Brief:
Retype the entries below word for word, leaving out every picture.

Dataset records:

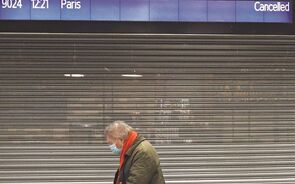 Reino Unido no epicentro de novo abalo nas bolsas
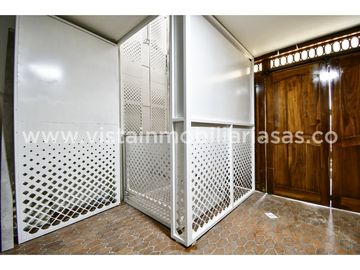Venta Casa Comercial Sector La Camelia, Manizales
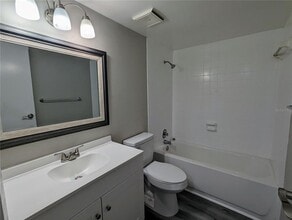 701 Russell Ln in Brandon, FL - Building Photo - Building Photo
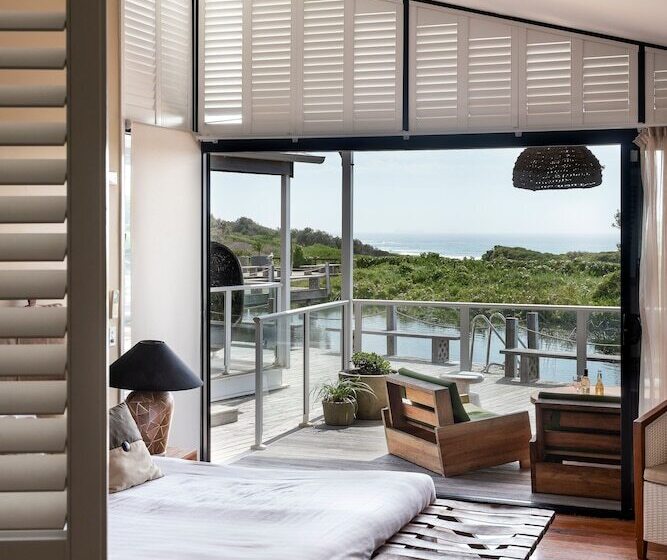 فندق Caves Coastal Bar & Bungalows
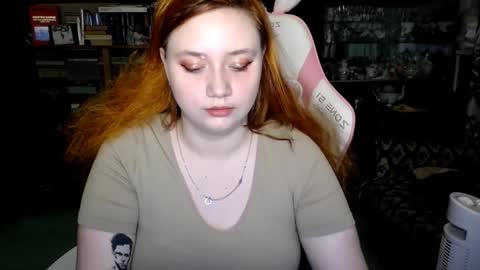 Snapshot of lily_shamy chatting on 10.02.25 Alice online show from 10.02.25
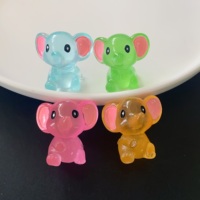 Abalorios de Resina que Brillan en la Oscuridad, Cabujones de Resina de Elefante Luminosos y Adorables, Adornos de Resina para Manualidades DIY y Accesorios para Slime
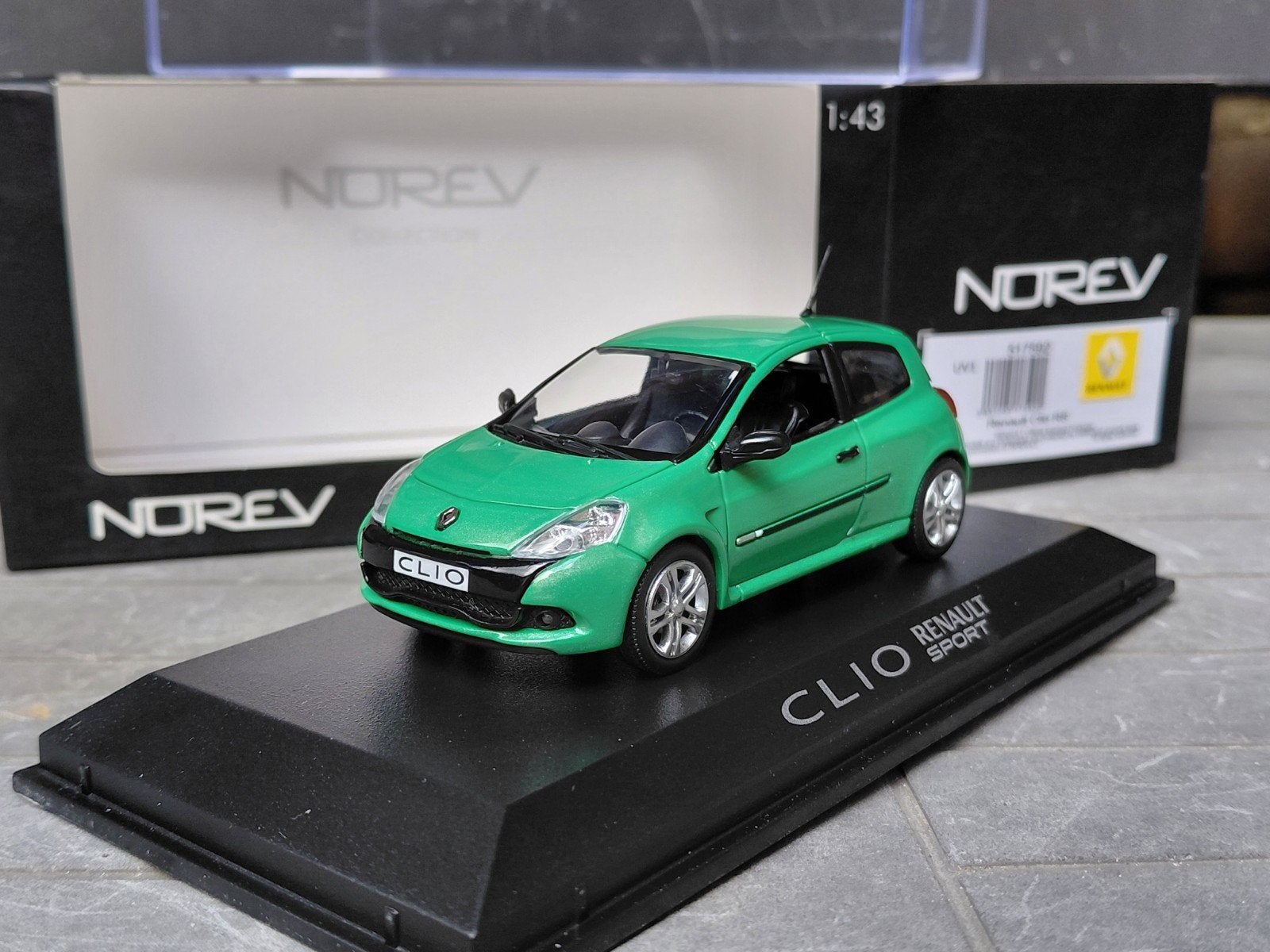 Renault Clio 3 R.S. phase 2 2009-2013 Vert Alien 1/43 Norev, Ophalen of Verzenden, Zo goed als nieuw, Auto, Norev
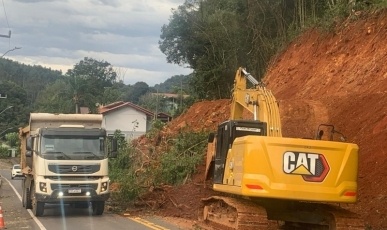 Secretaria de Infraestrutura de Santa Catarina, inicia obras de contenção de barrancos em Ibicaré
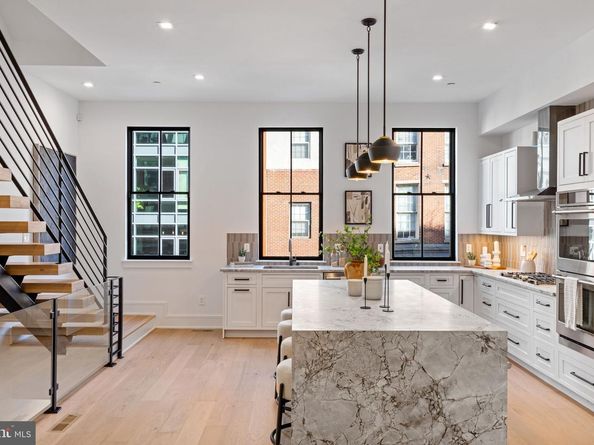 254 N 2nd St, Philadelphia PA 19106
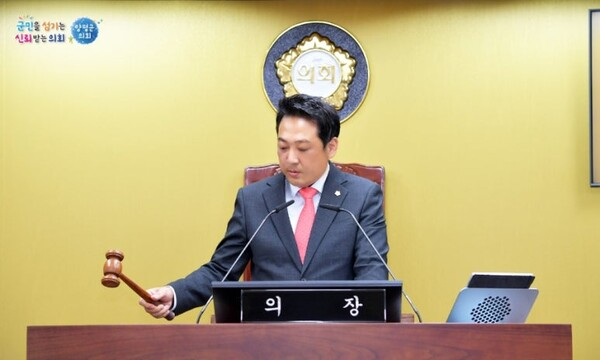 양평군의회 황선호 의장이 지난 26일 ‘제302회 임시회’를 열고 제9대 후반기 주민조례청구심사특별위원회 위원과 윤리특별위원회 위원을 선임하고 있다. / 사진제공=양평군의회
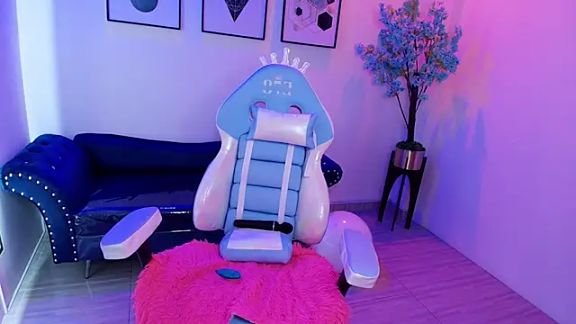 Maddie_T18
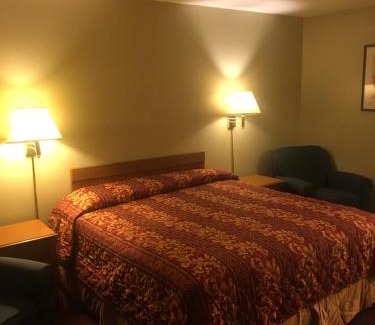 Inglewood Hotel | Welcoming Century Inn at LAX: Child-Friendly & Accessible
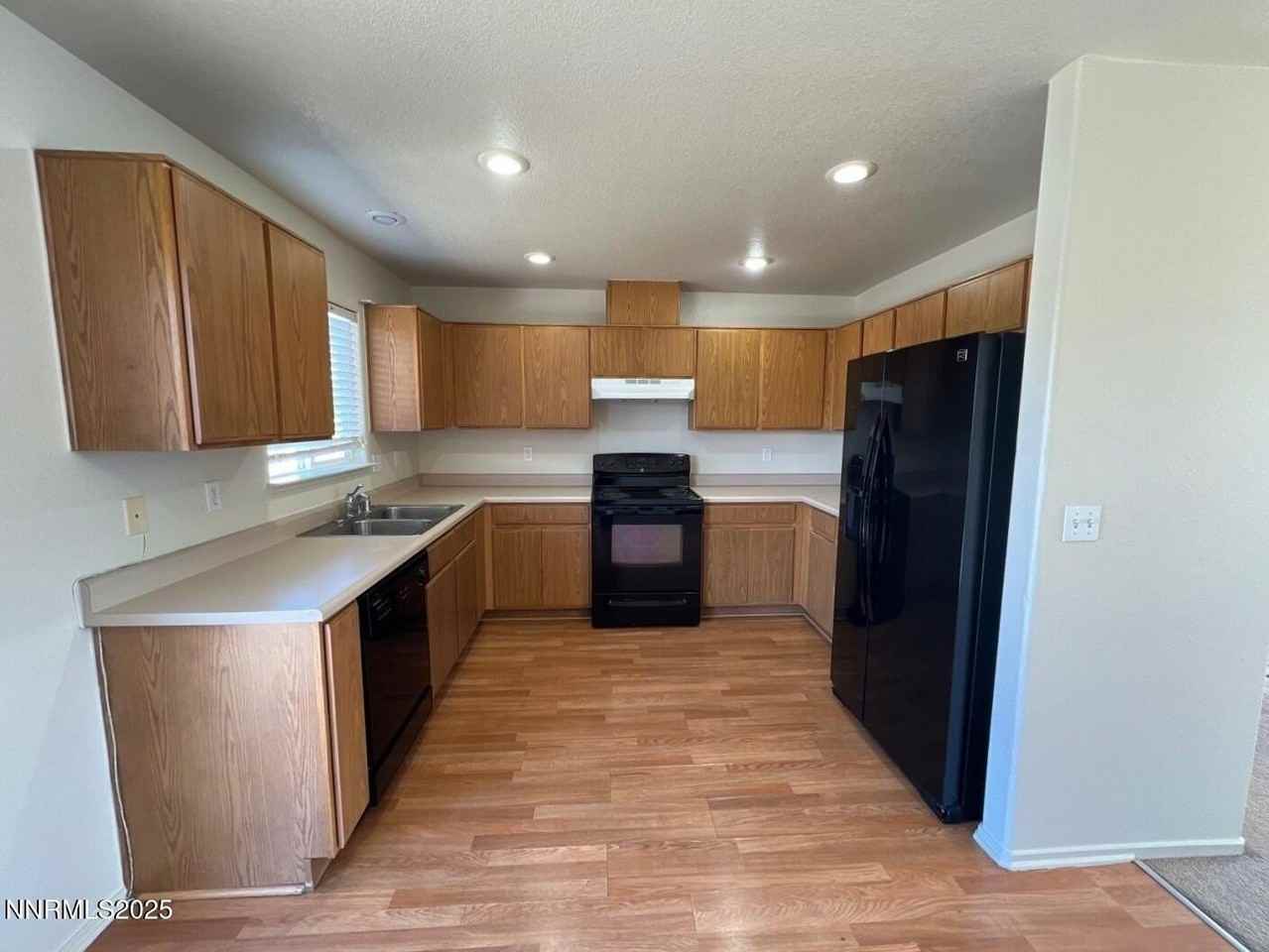 13405 Mount Lassen St - Photo 4 of 20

Response area:
 Reino Unido no epicentro de novo abalo nas bolsas
Venta Casa Comercial Sector La Camelia, Manizales
 701 Russell Ln in Brandon, FL - Building Photo - Building Photo
 فندق Caves Coastal Bar & Bungalows
 Snapshot of lily_shamy chatting on 10.02.25 Alice online show from 10.02.25
 Abalorios de Resina que Brillan en la Oscuridad, Cabujones de Resina de Elefante Luminosos y Adorables, Adornos de Resina para Manualidades DIY y Accesorios para Slime
 Renault Clio 3 R.S. phase 2 2009-2013 Vert Alien 1/43 Norev, Ophalen of Verzenden, Zo goed als nieuw, Auto, Norev
 Secretaria de Infraestrutura de Santa Catarina, inicia obras de contenção de barrancos em Ibicaré
 254 N 2nd St, Philadelphia PA 19106
 양평군의회 황선호 의장이 지난 26일 ‘제302회 임시회’를 열고 제9대 후반기 주민조례청구심사특별위원회 위원과 윤리특별위원회 위원을 선임하고 있다. / 사진제공=양평군의회
 Maddie_T18
 Inglewood Hotel | Welcoming Century Inn at LAX: Child-Friendly & Accessible
 13405 Mount Lassen St - Photo 4 of 20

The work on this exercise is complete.